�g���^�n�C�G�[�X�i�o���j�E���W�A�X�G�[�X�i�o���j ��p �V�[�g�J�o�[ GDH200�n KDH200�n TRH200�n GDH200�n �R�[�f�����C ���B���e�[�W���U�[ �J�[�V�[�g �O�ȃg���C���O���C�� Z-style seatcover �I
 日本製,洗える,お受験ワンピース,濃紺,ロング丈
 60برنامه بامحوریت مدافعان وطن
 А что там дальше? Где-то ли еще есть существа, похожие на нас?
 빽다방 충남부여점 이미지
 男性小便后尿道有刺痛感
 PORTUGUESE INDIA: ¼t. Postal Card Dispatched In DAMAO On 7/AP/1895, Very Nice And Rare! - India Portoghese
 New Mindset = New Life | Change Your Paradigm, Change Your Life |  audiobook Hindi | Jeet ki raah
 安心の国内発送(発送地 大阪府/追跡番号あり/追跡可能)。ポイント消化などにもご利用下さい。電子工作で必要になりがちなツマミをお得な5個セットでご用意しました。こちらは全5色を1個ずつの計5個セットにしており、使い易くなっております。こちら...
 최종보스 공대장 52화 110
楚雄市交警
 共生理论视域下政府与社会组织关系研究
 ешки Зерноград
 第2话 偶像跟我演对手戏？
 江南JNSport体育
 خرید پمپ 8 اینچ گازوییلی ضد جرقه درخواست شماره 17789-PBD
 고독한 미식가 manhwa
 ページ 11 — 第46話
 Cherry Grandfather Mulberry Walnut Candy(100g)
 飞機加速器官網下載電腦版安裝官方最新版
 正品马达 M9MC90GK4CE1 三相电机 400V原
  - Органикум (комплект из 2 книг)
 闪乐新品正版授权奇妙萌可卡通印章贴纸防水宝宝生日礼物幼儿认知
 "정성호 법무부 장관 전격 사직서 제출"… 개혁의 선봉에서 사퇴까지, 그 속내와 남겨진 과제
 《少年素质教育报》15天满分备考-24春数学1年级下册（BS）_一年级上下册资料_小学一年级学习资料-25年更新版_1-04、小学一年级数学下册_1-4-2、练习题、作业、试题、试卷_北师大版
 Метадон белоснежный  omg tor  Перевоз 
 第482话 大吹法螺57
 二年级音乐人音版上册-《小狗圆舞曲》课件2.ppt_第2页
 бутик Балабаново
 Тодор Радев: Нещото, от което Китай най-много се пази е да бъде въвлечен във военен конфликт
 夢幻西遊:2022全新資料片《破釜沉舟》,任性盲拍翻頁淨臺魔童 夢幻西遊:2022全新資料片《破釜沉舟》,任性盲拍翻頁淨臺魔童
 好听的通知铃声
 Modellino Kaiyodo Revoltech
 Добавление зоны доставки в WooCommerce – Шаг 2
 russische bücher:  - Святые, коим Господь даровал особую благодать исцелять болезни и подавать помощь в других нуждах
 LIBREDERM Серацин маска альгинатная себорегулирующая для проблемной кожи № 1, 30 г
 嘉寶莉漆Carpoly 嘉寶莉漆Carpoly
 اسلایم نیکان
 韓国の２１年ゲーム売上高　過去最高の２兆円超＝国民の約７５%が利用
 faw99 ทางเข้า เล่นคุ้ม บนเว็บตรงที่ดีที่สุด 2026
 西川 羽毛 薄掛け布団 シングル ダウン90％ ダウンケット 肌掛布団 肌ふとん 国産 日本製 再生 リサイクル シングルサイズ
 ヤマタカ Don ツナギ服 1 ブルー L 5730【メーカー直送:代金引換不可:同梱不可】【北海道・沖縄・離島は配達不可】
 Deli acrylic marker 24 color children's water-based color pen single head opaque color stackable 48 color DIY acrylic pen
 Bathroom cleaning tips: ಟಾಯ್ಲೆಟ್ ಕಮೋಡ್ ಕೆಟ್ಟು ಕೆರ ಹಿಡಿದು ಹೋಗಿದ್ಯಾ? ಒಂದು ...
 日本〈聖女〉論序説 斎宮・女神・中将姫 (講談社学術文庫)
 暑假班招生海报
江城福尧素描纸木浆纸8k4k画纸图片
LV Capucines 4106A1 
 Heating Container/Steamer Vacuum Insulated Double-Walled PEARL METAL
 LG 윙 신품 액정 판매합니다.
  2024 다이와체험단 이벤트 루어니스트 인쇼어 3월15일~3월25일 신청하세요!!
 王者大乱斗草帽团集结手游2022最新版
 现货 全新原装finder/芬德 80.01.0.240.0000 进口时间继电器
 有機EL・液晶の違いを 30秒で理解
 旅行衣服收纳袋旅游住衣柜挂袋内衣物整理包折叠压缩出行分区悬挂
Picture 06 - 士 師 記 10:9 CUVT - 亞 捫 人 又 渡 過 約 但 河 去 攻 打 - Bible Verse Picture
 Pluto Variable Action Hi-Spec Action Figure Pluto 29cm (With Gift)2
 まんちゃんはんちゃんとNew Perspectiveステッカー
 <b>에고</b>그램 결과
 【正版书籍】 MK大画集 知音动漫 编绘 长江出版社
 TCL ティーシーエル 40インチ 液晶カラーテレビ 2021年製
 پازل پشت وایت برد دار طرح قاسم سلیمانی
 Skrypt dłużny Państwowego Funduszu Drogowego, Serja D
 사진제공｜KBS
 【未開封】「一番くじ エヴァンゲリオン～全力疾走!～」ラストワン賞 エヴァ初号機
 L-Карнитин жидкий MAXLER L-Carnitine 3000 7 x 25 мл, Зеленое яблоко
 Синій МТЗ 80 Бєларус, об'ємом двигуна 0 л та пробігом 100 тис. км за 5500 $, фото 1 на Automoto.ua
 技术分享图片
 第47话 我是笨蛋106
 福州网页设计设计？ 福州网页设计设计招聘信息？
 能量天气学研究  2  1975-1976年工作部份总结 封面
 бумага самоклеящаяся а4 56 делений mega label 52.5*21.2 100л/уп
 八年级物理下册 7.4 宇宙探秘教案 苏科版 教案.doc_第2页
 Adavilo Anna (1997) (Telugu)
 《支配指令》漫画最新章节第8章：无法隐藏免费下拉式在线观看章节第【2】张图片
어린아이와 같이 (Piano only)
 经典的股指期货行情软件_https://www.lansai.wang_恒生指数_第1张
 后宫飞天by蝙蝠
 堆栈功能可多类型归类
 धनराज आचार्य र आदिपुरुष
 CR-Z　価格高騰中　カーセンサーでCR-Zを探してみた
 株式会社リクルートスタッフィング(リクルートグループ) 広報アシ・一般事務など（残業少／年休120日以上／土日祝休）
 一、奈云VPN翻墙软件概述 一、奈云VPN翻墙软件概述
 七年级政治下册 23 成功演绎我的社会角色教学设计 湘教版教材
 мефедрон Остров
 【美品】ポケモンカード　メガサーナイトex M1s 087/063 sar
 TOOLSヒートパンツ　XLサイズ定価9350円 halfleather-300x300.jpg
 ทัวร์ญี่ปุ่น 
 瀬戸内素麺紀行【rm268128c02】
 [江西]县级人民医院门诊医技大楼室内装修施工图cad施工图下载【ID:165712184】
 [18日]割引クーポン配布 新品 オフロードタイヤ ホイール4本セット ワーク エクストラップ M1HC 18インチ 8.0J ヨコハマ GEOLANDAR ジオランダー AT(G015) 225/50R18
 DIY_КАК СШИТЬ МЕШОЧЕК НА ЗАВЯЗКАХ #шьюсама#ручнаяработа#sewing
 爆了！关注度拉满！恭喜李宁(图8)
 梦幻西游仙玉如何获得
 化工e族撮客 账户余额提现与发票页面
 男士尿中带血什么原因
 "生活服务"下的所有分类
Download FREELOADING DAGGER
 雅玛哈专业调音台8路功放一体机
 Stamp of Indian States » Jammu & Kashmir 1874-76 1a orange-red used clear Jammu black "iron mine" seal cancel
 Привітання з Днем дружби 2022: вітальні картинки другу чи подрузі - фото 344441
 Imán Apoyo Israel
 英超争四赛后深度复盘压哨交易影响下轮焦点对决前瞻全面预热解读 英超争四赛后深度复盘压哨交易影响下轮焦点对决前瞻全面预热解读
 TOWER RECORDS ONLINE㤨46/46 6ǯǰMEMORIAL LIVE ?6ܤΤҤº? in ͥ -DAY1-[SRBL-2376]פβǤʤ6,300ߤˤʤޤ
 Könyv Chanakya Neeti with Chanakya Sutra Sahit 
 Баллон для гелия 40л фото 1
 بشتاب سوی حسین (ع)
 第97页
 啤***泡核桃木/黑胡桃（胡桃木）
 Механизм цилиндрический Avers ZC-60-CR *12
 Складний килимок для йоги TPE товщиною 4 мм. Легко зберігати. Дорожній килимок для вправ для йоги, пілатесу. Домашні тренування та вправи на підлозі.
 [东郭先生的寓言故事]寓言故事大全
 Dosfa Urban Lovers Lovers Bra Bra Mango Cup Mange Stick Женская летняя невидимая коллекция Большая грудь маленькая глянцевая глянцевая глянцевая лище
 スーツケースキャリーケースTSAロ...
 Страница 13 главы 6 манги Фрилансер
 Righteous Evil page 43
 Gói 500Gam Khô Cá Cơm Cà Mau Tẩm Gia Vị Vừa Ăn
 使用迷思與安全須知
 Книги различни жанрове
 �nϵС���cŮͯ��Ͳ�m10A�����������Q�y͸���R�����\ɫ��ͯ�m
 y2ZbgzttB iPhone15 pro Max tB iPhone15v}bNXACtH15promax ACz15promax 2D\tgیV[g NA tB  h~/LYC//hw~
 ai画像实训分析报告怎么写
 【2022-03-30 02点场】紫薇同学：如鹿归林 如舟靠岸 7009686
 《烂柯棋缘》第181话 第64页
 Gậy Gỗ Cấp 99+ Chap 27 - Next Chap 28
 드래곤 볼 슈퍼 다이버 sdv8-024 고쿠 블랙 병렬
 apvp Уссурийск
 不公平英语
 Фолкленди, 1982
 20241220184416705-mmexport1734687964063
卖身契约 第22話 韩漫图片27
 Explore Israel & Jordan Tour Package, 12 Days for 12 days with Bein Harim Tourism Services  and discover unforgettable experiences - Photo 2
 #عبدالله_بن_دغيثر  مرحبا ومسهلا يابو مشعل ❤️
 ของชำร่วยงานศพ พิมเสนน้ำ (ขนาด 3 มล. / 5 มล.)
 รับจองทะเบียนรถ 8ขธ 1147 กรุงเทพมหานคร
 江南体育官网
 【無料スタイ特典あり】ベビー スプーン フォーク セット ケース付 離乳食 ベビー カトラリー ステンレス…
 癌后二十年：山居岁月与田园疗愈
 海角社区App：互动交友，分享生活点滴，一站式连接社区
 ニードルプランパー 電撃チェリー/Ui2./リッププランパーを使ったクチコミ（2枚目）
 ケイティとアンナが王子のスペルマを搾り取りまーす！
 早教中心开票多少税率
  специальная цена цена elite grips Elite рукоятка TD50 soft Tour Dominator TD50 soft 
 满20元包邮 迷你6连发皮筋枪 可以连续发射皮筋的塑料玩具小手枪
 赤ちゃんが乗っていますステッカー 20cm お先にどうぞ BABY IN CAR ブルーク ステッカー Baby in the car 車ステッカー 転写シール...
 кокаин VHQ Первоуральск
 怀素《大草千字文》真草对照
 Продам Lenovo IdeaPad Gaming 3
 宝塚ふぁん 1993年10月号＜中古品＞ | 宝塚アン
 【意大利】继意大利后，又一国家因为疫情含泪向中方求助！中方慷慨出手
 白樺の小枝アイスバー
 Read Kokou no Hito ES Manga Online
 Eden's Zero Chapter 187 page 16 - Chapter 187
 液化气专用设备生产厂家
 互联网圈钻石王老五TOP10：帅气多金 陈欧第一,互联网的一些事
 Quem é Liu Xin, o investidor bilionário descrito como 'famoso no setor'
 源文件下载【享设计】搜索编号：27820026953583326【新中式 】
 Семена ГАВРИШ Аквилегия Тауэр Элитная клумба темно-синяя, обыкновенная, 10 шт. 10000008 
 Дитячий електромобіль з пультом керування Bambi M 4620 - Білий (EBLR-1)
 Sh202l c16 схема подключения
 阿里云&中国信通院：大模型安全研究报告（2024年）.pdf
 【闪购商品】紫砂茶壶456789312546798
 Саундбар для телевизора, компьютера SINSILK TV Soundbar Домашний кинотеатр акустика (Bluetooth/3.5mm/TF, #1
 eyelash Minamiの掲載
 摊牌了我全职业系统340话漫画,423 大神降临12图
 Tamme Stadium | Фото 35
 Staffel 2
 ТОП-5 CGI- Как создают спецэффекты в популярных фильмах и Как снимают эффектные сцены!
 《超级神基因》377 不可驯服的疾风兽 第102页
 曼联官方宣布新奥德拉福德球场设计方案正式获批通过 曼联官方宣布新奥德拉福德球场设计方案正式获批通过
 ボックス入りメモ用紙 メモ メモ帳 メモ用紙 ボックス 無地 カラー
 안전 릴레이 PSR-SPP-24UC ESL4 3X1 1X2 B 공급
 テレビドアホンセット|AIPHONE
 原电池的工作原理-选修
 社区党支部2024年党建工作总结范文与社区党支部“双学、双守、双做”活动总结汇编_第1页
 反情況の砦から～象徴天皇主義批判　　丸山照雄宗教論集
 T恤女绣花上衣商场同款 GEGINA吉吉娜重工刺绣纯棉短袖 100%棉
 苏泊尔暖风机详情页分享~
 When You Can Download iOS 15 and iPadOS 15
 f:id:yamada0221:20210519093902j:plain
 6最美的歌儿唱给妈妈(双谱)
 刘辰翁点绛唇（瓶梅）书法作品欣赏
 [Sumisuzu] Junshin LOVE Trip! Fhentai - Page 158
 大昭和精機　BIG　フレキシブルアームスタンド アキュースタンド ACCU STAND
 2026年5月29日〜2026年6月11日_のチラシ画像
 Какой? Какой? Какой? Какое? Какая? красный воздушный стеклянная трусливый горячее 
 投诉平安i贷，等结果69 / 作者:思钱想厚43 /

▸ Description of the task
Give only the number of lines in the listing above that include the string "Tour".

▸ Solution to the exercise
2